(Short text fragments from websites)
##########

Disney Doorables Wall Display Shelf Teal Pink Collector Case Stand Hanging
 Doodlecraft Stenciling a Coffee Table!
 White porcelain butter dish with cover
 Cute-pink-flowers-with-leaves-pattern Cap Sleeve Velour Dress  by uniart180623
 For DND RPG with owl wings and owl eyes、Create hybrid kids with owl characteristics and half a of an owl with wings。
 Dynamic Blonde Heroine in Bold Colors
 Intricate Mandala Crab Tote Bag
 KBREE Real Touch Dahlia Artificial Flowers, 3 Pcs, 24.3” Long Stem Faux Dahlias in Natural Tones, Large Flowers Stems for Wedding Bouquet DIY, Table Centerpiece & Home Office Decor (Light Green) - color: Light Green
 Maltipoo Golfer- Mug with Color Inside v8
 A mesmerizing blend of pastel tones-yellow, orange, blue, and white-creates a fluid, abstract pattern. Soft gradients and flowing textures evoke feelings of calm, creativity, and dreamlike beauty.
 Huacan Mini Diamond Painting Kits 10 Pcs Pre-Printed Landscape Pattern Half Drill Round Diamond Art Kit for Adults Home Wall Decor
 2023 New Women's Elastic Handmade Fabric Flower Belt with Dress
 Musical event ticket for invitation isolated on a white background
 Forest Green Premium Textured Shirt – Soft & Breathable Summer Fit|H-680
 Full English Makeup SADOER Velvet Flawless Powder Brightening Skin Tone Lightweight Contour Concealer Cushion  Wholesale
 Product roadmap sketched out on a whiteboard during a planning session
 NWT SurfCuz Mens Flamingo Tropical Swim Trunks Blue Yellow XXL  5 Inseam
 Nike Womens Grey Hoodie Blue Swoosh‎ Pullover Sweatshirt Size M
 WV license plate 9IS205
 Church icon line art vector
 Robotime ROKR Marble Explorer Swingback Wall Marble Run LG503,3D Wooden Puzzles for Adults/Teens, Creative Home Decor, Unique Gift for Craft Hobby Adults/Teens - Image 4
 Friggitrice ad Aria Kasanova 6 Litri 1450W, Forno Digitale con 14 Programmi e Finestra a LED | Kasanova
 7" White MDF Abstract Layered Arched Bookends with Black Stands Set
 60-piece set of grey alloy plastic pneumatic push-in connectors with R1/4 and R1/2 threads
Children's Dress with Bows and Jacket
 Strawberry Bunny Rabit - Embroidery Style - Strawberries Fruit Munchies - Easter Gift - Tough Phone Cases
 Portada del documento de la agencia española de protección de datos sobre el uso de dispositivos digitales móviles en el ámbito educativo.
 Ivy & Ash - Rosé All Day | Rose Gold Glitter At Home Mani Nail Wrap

##########

**PROBLEM:** Begin with the line containing "Strawberry Bunny Rabit" and repeat each line exactly until the records above end.

**SOLVED EXERCISE:**
 Strawberry Bunny Rabit - Embroidery Style - Strawberries Fruit Munchies - Easter Gift - Tough Phone Cases
 Portada del documento de la agencia española de protección de datos sobre el uso de dispositivos digitales móviles en el ámbito educativo.
 Ivy & Ash - Rosé All Day | Rose Gold Glitter At Home Mani Nail Wrap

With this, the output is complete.